Increasing to 200 helped. What I couldn't achieve is some kind of graceful exit from the function. Paint might work ok after stopping flood fill prematurely but after exit from the program I see strange behaviour ranging from "stack underflow" to weird symbols or no text mode at all.

Vutshi avatar Apr 22 '25 21:04 Vutshi

Increasing to 200 helped.

I think that indicates that the internal stack that R_LineFloodFill keeps is part of, and probably all of, the problem.

after exit from the program I see strange behaviour ranging from "stack underflow" to weird symbols or no text mode at all.

Memory corruption for sure.

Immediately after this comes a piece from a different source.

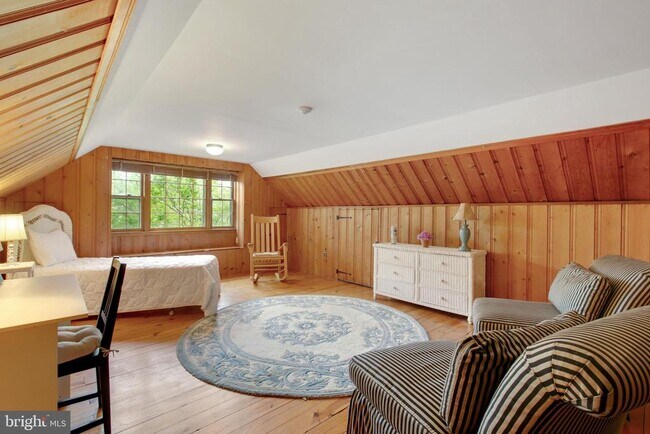 Building Photo - 5113 N Charles St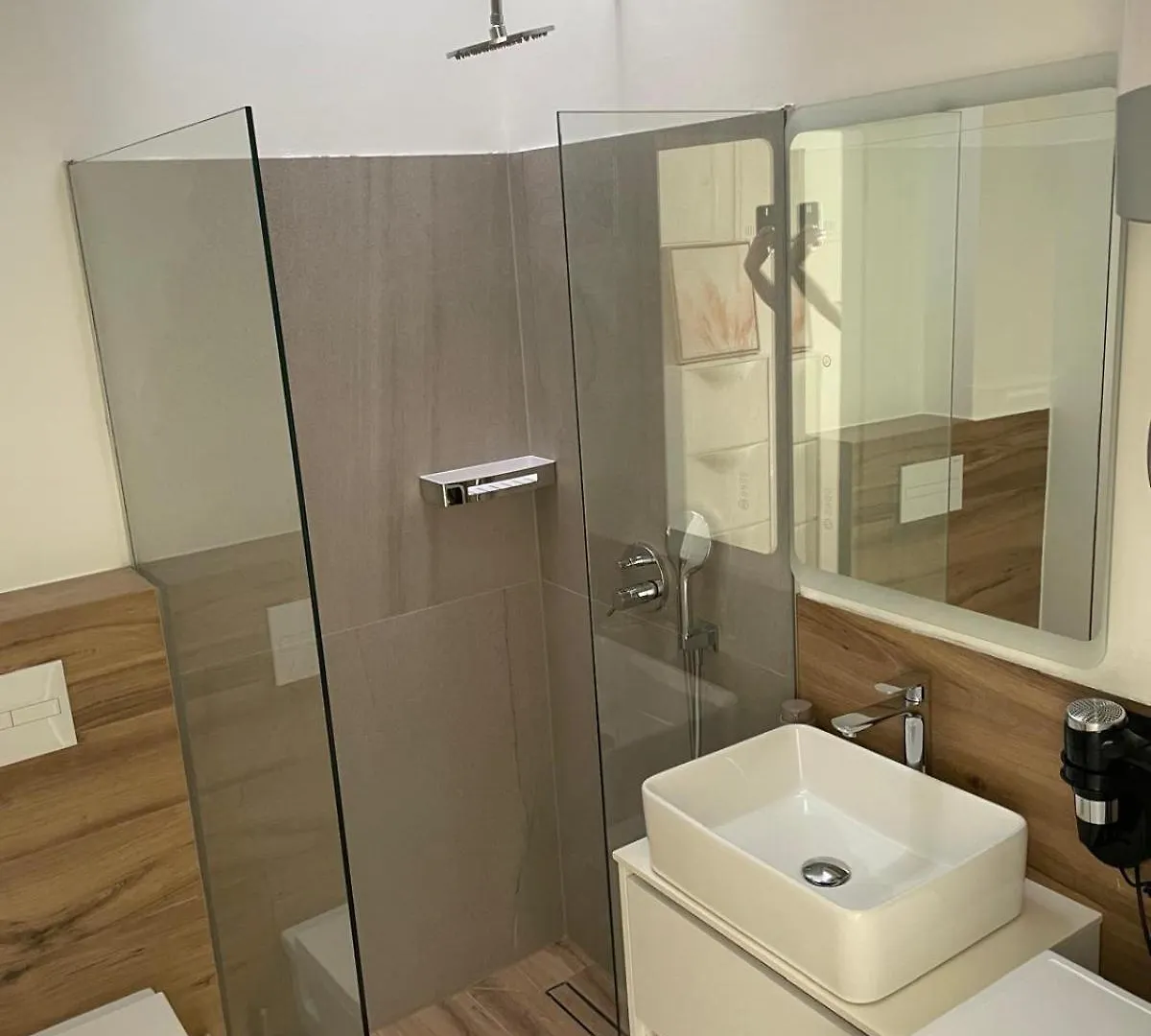 Aquavista Apartment Nin 0*,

Try increasing the stack to 400, or way more than that. I also think there's an off-by-one error in the stack push/pop function. Code the below, which fixes off-by-one and also will indicate when stack overflow is present:

static void FF_StackPush(transform2d_t stack[], int x, int y, int* top)
{
    if (*top < FLOOD_FILL_STACK - 1) { // <-- add "- 1" to fix off-by-one
        (*top)++;
        stack[*top].x = x;
        stack[*top].y = y;
    } else __dprintf("stack overflow at %d\n", *top); // <-- display stack overflow to QEMU console
}

Given that you have many circles, all with different x,y points along their circumference, I'm thinking that filling your "More colors for the glory of ELKS Paint!" is actually running the flood fill routine in worst case!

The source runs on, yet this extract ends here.